The entire basis of the majority opinion’s discussion of the availability of mandamus rests upon an assumption absolutely unsupported in fact or in reason. Thus it states, “While mandamus does not lie if there is another adequate remedy, an appeal is not always regarded as adequate.”1 The opinion then concludes, “Mandamus is available as an alternative remedy in cases where an appeal would be inadequate, and the failure to appeal cannot therefore render the trial court’s determination res judicata.” There is nothing in the majority opinion, nor are there any facts to support a conclusion that the petitioners could not adequately have obtained the same relief sought in the present proceeding by continuing their appeal from the order granting a new trial. Certainly there may be no assumption that the clerk would refuse to issue execution upon the judgment after a reversal of the order granting the new trial. And, of course, the conclusion that, since mandamus is available as an alternative remedy where an appeal would be inadequate, the failure to appeal cannot render the trial court’s determination res judicata, falls with the unsupported premise that the right of appeal is here inadequate.

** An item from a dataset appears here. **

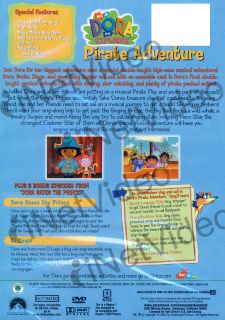 Dora The Explorer Pirate Adventure New DVD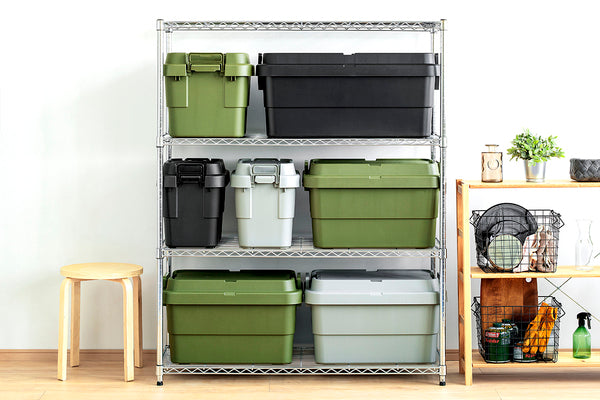 ストレージ トランクカーゴ S蓋 70L 幅78×奥行39×高さ35.7cm リビング収納 完成品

Under the established rule of stare decisis announced by this court to the effect that a case is not authority for a proposition not raised and considered (Gonzales v. Superior Court, 3 Cal.2d 260, 263, 264 [44 P.2d 320]; Standard Oil Co. v. Board of Equalization, 6 Cal.2d 557, 564 [59 P.2d 119]; Oakland Pav. Co. v. Whittell Realty Co., 185 Cal. 113, 119, 120 [195 P. 1058]), the cases of Payne v. Hunt, 214 Cal. 605 [7 P.2d 302], and Kraft v. Lampton, 13 Cal.App.2d 596 [57 P.2d 171], may not be relied upon for the statement upon which they are cited by the majority opinion. These cases assumed, but did not consider the question or decide, that *19mandamus was a proper remedy under the facts then before the court.
Shenk, J., and Curtis, J., concurred.
Respondent’s petition for a rehearing was denied November 4, 1943. Shenk, J., Curtis, J., and Edmonds, J., voted for a rehearing.

This statement in the majority opinion was modified, on denial of the petition for rehearing, to read: “While mandamus does not lie if there is another adequate remedy, an appeal is not regarded as adequate in this type of ease.”